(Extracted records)
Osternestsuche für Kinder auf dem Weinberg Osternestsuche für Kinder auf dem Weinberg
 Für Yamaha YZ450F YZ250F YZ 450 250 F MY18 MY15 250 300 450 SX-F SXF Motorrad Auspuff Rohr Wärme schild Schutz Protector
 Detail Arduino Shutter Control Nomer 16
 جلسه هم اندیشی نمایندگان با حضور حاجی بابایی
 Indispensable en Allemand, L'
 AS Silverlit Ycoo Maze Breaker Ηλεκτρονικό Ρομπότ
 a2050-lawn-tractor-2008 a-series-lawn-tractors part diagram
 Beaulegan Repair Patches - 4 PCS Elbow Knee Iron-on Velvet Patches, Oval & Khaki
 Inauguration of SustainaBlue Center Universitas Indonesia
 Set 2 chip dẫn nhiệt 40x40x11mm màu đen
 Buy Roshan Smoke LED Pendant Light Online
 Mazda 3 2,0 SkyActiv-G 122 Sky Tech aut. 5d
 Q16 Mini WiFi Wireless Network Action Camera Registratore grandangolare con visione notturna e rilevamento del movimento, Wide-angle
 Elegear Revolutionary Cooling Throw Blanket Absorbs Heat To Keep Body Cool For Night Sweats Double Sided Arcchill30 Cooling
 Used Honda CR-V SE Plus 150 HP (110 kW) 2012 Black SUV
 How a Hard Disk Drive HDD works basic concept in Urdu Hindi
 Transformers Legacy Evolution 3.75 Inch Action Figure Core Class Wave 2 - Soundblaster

◆ **What you need to do**:
Reproduce every line of the entries above, unchanged, from the very first one down to and including the line containing "Used Honda CR-V".

◆ **Response for this exercise**:
Osternestsuche für Kinder auf dem Weinberg Osternestsuche für Kinder auf dem Weinberg
 Für Yamaha YZ450F YZ250F YZ 450 250 F MY18 MY15 250 300 450 SX-F SXF Motorrad Auspuff Rohr Wärme schild Schutz Protector
 Detail Arduino Shutter Control Nomer 16
 جلسه هم اندیشی نمایندگان با حضور حاجی بابایی
 Indispensable en Allemand, L'
 AS Silverlit Ycoo Maze Breaker Ηλεκτρονικό Ρομπότ
 a2050-lawn-tractor-2008 a-series-lawn-tractors part diagram
 Beaulegan Repair Patches - 4 PCS Elbow Knee Iron-on Velvet Patches, Oval & Khaki
 Inauguration of SustainaBlue Center Universitas Indonesia
 Set 2 chip dẫn nhiệt 40x40x11mm màu đen
 Buy Roshan Smoke LED Pendant Light Online
 Mazda 3 2,0 SkyActiv-G 122 Sky Tech aut. 5d
 Q16 Mini WiFi Wireless Network Action Camera Registratore grandangolare con visione notturna e rilevamento del movimento, Wide-angle
 Elegear Revolutionary Cooling Throw Blanket Absorbs Heat To Keep Body Cool For Night Sweats Double Sided Arcchill30 Cooling
 Used Honda CR-V SE Plus 150 HP (110 kW) 2012 Black SUV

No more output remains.